Source records:
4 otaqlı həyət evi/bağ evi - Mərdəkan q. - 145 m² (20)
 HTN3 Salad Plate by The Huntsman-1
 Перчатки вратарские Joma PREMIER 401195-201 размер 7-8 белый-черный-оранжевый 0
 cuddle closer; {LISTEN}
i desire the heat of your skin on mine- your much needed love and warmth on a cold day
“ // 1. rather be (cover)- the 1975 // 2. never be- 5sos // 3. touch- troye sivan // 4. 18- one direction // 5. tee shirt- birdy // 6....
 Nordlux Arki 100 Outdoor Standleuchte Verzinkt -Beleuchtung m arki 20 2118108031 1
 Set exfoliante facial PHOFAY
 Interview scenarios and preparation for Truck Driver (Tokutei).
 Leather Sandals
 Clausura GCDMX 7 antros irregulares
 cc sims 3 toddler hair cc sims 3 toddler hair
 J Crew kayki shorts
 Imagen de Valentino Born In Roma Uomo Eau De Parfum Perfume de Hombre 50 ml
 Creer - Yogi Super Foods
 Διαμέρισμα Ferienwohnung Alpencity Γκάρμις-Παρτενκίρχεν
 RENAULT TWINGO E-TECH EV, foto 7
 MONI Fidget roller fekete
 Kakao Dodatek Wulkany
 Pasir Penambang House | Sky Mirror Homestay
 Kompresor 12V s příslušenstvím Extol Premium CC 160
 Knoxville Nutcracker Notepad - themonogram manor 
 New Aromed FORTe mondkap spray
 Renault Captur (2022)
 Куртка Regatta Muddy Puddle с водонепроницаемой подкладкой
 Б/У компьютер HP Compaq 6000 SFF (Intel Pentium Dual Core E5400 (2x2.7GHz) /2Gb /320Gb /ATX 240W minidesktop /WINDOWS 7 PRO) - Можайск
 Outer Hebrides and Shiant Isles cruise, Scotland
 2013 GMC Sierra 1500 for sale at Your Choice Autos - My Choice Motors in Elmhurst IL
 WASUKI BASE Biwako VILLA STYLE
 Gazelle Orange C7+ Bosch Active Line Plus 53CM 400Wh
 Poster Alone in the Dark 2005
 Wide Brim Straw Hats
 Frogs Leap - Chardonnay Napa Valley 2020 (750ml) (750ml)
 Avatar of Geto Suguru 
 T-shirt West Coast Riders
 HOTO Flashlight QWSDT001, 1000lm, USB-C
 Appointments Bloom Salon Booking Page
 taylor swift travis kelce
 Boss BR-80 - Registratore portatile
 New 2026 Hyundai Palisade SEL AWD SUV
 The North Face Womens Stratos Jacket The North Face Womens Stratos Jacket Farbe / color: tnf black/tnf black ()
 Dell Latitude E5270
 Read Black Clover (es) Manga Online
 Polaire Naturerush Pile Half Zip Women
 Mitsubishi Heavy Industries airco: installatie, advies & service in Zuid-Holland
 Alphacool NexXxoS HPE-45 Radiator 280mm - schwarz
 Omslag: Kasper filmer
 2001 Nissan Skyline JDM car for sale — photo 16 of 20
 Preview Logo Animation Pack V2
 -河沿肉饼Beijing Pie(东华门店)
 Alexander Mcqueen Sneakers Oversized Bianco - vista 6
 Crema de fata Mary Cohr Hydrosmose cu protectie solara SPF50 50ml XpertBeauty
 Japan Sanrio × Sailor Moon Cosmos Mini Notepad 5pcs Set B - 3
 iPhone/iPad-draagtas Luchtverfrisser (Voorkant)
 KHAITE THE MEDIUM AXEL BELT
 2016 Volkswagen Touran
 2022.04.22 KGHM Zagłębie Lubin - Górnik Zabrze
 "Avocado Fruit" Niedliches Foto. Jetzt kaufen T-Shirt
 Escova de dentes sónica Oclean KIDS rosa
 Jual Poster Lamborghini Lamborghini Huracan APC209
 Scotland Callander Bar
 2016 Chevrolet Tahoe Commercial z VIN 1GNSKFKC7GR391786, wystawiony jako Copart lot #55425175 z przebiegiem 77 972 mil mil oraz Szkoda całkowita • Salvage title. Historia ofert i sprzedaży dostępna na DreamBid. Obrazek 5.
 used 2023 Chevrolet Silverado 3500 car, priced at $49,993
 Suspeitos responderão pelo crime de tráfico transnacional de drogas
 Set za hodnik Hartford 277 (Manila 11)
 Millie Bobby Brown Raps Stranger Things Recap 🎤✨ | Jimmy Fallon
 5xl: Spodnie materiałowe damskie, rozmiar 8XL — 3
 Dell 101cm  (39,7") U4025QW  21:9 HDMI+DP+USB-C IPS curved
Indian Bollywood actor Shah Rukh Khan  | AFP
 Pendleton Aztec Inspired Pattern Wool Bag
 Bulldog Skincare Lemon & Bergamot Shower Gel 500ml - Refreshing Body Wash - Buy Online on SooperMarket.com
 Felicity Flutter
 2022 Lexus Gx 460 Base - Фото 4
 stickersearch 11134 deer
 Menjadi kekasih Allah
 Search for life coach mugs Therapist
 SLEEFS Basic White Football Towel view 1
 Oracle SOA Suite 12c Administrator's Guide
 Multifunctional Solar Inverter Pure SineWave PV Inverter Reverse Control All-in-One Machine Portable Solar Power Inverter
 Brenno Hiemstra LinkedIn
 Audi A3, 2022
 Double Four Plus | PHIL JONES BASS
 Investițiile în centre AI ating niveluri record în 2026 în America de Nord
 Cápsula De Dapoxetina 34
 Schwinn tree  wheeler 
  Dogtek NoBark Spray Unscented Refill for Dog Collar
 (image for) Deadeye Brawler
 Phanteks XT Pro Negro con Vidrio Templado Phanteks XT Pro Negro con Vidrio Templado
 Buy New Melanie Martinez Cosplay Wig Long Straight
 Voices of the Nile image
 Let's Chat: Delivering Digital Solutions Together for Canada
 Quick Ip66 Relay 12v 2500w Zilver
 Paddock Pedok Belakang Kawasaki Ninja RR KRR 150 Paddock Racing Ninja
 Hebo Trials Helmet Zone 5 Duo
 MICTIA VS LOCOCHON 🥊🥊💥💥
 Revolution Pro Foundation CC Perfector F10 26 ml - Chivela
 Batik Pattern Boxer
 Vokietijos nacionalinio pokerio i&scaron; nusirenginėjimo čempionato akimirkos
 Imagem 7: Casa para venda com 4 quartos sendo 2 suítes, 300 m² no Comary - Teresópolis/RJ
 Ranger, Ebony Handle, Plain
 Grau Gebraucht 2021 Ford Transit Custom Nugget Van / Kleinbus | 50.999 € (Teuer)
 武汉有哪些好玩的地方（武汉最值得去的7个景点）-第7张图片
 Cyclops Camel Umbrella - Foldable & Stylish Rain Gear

WHAT YOU HAVE TO DO: Output the lines above exactly, but only those between the line holding "Interview scenarios and" and the line holding "Б/У компьютер HP", inclusive.

SOLVED EXERCISE:
 Interview scenarios and preparation for Truck Driver (Tokutei).
 Leather Sandals
 Clausura GCDMX 7 antros irregulares
 cc sims 3 toddler hair cc sims 3 toddler hair
 J Crew kayki shorts
 Imagen de Valentino Born In Roma Uomo Eau De Parfum Perfume de Hombre 50 ml
 Creer - Yogi Super Foods
 Διαμέρισμα Ferienwohnung Alpencity Γκάρμις-Παρτενκίρχεν
 RENAULT TWINGO E-TECH EV, foto 7
 MONI Fidget roller fekete
 Kakao Dodatek Wulkany
 Pasir Penambang House | Sky Mirror Homestay
 Kompresor 12V s příslušenstvím Extol Premium CC 160
 Knoxville Nutcracker Notepad - themonogram manor 
 New Aromed FORTe mondkap spray
 Renault Captur (2022)
 Куртка Regatta Muddy Puddle с водонепроницаемой подкладкой
 Б/У компьютер HP Compaq 6000 SFF (Intel Pentium Dual Core E5400 (2x2.7GHz) /2Gb /320Gb /ATX 240W minidesktop /WINDOWS 7 PRO) - Можайск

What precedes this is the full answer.